Incentives for improving load rates in inner-city freight distribution

The goal of this measure was to introduce a pilot project in a city-centre area of Gothenburg’s existing environmental zone, with criteria not only for emissions but also for vehicle loads, and with incentives for suppliers, hauliers and retailers to coordinate and consolidate deliveries.

Implementing sustainable mobility

The centre of Gothenburg has suffered for many years from severe congestion due to heavy goods vehicles unable to find space to load and unload. Lorries are sometimes forced to drive around the city centre repeatedly in search of appropriate space to make their delivery.

The pilot project was designed as a voluntary scheme in cooperation with the transport industry.

The main elements were to:

  • analyse vehicle load rates;
  • establish restrictions on entering the city’s environmental zone;
  • develop a communication system for measuring and reporting vehicle load rates; and
  • create dedicated unloading areas for those companies meeting the defined criteria.  

How did the measure progress?

Eight vehicles of 2.2 tonnes or above were involved in testing the system in the pilot project. The project area was defined as around 2 square kilometres within Vallgraven and Nordstaden, part of the existing environmental zone. A GPS was installed in each vehicle for the registration and control of routes. A digital pen was developed to register the vehicle load rate on a specially designed form. The information on this form was sent via Bluetooth from the digital pen to a database, which calculated the load rate for each day and displayed the results on a website.

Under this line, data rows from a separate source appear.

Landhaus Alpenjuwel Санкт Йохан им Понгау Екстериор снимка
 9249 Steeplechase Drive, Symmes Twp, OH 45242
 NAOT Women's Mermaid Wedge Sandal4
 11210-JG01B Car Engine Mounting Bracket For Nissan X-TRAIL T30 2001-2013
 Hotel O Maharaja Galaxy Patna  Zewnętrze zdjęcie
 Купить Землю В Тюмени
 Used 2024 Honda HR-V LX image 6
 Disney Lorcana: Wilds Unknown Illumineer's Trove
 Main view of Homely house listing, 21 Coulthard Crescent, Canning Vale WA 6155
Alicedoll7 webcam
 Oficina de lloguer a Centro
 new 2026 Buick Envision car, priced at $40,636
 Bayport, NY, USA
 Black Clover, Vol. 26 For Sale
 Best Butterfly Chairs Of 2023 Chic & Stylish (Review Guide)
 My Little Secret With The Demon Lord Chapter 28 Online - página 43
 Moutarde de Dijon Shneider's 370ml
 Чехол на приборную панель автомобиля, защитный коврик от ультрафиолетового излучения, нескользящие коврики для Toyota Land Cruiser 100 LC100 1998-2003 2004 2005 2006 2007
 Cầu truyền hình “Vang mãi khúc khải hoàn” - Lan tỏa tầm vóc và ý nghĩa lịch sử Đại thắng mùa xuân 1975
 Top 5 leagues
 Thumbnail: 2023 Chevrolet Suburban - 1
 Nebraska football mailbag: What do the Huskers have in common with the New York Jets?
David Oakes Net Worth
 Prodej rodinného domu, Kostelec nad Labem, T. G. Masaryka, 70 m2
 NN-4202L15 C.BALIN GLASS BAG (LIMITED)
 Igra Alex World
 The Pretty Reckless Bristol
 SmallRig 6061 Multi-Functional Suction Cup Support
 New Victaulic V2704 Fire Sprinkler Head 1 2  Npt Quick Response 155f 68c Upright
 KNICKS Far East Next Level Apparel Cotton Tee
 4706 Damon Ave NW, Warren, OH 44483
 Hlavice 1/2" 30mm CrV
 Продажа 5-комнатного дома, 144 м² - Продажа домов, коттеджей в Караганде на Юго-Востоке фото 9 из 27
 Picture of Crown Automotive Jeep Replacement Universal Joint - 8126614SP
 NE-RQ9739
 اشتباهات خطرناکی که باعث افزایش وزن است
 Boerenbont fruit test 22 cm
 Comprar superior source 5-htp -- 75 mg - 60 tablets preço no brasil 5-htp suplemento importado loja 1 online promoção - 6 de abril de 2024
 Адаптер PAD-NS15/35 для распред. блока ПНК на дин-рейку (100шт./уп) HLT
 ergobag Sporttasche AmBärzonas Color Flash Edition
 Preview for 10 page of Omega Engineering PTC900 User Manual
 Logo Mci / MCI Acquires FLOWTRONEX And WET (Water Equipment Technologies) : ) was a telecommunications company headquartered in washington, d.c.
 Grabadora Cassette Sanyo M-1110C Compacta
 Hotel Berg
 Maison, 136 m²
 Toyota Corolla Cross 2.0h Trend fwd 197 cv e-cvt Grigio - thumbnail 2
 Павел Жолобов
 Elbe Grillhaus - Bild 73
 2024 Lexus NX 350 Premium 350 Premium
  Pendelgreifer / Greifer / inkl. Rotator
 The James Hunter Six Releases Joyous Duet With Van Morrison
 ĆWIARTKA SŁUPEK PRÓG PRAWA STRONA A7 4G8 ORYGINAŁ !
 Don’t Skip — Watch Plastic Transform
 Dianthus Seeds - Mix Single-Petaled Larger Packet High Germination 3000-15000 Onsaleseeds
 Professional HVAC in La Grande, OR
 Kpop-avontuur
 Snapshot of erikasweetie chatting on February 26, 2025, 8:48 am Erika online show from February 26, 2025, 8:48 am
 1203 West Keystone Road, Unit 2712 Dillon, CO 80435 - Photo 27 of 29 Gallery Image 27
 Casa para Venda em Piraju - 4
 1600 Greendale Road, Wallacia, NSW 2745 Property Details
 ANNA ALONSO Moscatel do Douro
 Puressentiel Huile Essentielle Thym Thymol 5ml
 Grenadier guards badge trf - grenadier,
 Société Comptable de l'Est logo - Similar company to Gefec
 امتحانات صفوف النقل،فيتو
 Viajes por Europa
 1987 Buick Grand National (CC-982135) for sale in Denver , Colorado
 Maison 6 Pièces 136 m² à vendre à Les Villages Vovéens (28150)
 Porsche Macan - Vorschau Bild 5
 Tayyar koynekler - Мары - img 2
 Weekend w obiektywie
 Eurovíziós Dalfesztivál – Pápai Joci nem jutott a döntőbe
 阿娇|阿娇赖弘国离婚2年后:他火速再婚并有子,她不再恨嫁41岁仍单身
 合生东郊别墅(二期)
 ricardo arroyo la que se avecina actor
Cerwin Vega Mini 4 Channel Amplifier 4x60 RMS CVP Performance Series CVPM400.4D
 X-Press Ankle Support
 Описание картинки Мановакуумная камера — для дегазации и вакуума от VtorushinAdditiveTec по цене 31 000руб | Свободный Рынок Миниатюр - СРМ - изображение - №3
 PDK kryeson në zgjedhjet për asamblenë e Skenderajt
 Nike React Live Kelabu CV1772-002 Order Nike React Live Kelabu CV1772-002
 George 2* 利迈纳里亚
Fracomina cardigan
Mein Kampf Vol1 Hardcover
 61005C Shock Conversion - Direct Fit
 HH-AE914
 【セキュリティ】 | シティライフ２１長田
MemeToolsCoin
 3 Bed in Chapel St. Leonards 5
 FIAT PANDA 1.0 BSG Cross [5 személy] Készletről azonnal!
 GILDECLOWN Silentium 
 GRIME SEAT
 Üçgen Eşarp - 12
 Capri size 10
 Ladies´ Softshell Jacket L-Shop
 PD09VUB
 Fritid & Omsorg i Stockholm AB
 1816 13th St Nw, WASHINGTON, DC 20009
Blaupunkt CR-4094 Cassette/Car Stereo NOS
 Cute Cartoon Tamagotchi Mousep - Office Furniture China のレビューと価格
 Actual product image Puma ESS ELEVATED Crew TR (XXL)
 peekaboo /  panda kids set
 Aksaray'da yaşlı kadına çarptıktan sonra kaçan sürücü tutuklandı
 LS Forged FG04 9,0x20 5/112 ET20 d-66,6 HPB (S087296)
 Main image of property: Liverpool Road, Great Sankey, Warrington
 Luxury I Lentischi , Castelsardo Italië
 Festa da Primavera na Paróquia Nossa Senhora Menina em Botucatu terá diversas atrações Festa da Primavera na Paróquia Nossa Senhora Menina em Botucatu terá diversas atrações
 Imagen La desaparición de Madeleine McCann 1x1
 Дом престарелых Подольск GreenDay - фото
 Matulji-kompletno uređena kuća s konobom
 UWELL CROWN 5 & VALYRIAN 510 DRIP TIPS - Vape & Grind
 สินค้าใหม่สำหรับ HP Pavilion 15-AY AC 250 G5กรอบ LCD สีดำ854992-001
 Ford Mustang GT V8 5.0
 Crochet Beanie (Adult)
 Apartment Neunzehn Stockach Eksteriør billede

The criteria for distribution vehicles entering the city-centre zone were defined as a combination of a 65 percent load factor and a comparison between stopping time and running time, in combination with the limits for emission levels already in place in the environmental zone. Participants were provided with positive incentives to encourage them to respect the criteria for improving their load factor.  

What were the outcomes of the measure?

The measure was well received by drivers, transport companies, the municipality and businesses, and communication among all actors throughout the project was very good.

The consolidation of goods in order to increase the load factor is very much a question of business administration. Regulations in city centres must be changed to create more suitable conditions for distribution. Changing the legal framework, for example to allow restricted vehicle access to certain pedestrian areas, would improve accessibility for suppliers. Such streets have no parking places or loading zones, but vehicles can stop outside the store for unloading.

One of the most important conclusions is that, in order for such a scheme to become successful on a large scale, the restrictions imposed must be combined with incentives.